The film was so amazing and visually enchanting that it’s the first film I’ve been to in years, where the theater was full and everyone actually stayed off of their phones and shut the hell up for the duration of the picture, which must have been hard for them, as this was over two and a half hours with all those friggin’ trailers.

The story sees a war hero have to transport an old Indian chief from New Mexico to Montana, where he is to be buried on his sacred land. The hero, played by Christian Bale, wants nothing to do with the mission and even tries to bait the Indian once they get far enough away from his fort in New Mexico.

As the story progresses, we meet a woman whose entire family was slaughtered by Indians. The journey is long and arduous and the party encounters many enemies, some Indians and some white men. By the end, we see personal biases fade and a family dynamic develop between this small group of people who started the journey with hatred for one another.

The film had a perfect cast. I’ve been a fan of Wes Studi and Adam Beach for a long time. I’ve actually loved Beach as far back as 1998’s Smoke Signals, a fantastic Native American coming of age picture that everyone should experience at some point.

Additionally, Bale was stellar, as was Rosamund Pike. I liked seeing Jesse Plemons play a nice character and it was cool seeing Timothée Chalamet in this, as he’s a young actor who is quickly becoming one of the best talents working today. Rory Cochrane was a pleasant surprise in this, as I’ve followed him since his teen pictures Dazed and Confused and Empire Records in the ’90s. There are also small but pivotal roles played by Ben Foster, Stephen Lang and Scott Wilson, who was pretty much the antithesis of his most famous character, Hershel from The Walking Dead.

The cinematography was handled by Masanobu Takayanagi, who also did The Grey, which I loved but most people didn’t. He has a real talent for capturing incredibly majestic landscapes. Here, he had some vast and beautiful country at his disposal and made the most of it.

Max Richter provided the score and did a fine job with the film’s music. He most recently worked on Miss Sloane and Arrival before this.

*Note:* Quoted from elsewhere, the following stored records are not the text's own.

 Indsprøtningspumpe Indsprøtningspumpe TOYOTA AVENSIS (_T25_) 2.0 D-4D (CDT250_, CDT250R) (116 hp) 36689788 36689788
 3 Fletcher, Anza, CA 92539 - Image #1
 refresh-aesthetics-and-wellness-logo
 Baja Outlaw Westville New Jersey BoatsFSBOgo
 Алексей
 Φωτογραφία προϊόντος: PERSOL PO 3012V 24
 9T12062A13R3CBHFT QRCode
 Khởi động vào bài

I would say that Hostiles is as good as the critical hype. I love westerns and it’s rare that I get to see a really great one come down the pipeline.

Rating: 8.75/10
Pairs well with: Scott Cooper’s other films.

Film Review: Band of the Hand (1986)

Release Date: April 11th, 1986
Directed by: Paul Michael Glaser
Written by: Leo Garen, Jack Baran
Music by: Michel Rubini
Cast: Stephen Lang, Michael Carmine, Lauren Holly, Leon, John Cameron Mitchell, Danny Quinn, Al Shannon, James Remar, Laurence Fishburne

TriStar Pictures, 109 Minutes

Review:

“One sharp knife can feed you, clothe you, keep you warm and dry.” – Joe

I have been a huge fan of Miami Vice my entire life. Somehow, Band of the Hand eluded me until recently. It is sort of married to that show, as they were both produced by Michael Mann, came out around the same time, have similar themes, similar style, similar music and take place in and around Miami.

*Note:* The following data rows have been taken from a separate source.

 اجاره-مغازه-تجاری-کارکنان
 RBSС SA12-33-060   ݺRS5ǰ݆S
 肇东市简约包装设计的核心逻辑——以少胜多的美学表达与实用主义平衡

Band of the Hand also stars a young Stephen Lang, who is a guy that has become one of my favorite actors in recent years. It also features a young Lauren Holly, Leon and another one of my favorites, James Remar.

The film really has two parts to it. The first half sees a bunch of teenage punks sent into the Everglades. They are given a last chance, if they can learn from Miccosukee bad ass, Joe (Stephen Lang). They have to survive and make it to the end of their swamp quest becoming bad asses themselves. The second half sees the teens return to Miami and become vigilantes alongside Joe, in an effort to rid the city of the drug dealers who hold it hostage.

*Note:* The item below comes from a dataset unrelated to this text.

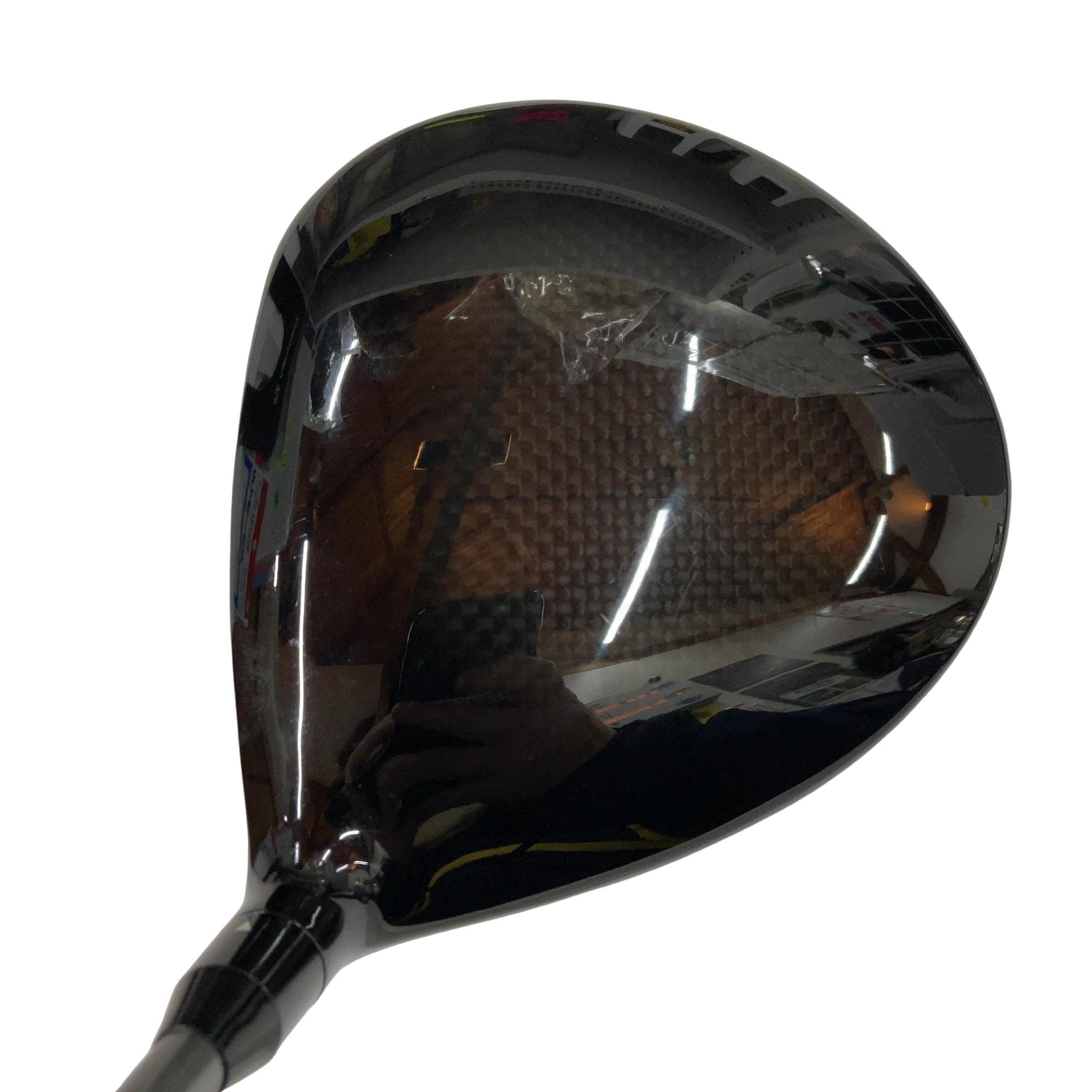 �q�r�@�T�{�i�Q�O�Q�O�j�@�P�O�D�T°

The two halves of the movie really have different tones. The first half is mostly goofy and comedic, as our urban teens can’t get along and want nothing to do with life in the Everglades. The second half becomes much darker and serious and plays like an episode of Miami Vice but with more violence, as it isn’t catering to television executives.

Band of the Hand is pretty enjoyable. It is far from a classic and not as good as the better episodes of Miami Vice but it fills its 109 minutes well.

The action is great, especially the big street shootout between the gangsters and the teens at their home.

Stephen Lang was exceptionally bad ass in this and it was cool seeing him in his younger days, as he’s just now becoming more of a household name due to being in Avatar and Don’t Breathe.

If you are into 1980s crime movies, you’ll probably enjoy this. If you are also a big Miami Vice fan, this is a good companion piece to the show.

Rating: 6.5/10

 

Film Review: Don’t Breathe (2016)

Release Date: March 12th, 2016 (SXSW)
Directed by: Fede Alvarez
Written by: Fede Alvarez, Rodo Sayagues
Music by: Roque Banos
Cast: Jane Levy, Dylan Minnette, Daniel Zovatto, Stephen Lang

Ghost House Pictures, Good Universe, Screen Gems, Stage 6 Films, 88 Minutes

Review:

“There is nothing a man cannot do once he accepts the fact that there is no god.” – The Blind Man

Stephen Lang is the only thing I loved about Avatar. In fact, I wanted him to scorch that stupid planet and that whole James Cameron CGI shitfest. I hated Avatar but Lang was damn good in it. So when a horror movie came along with him as the “monster”, I had to give it a shot.

Additionally, Fede Alvarez did a fine job with his Evil Dead remake, if you ask me. I know it is a film that divided the fans of the original Sam Raimi trilogy but I was more than satisfied with Alvarez’s serious take on the material. Evil Dead was actually terrifying in a time when horror movies are horrible and stupid.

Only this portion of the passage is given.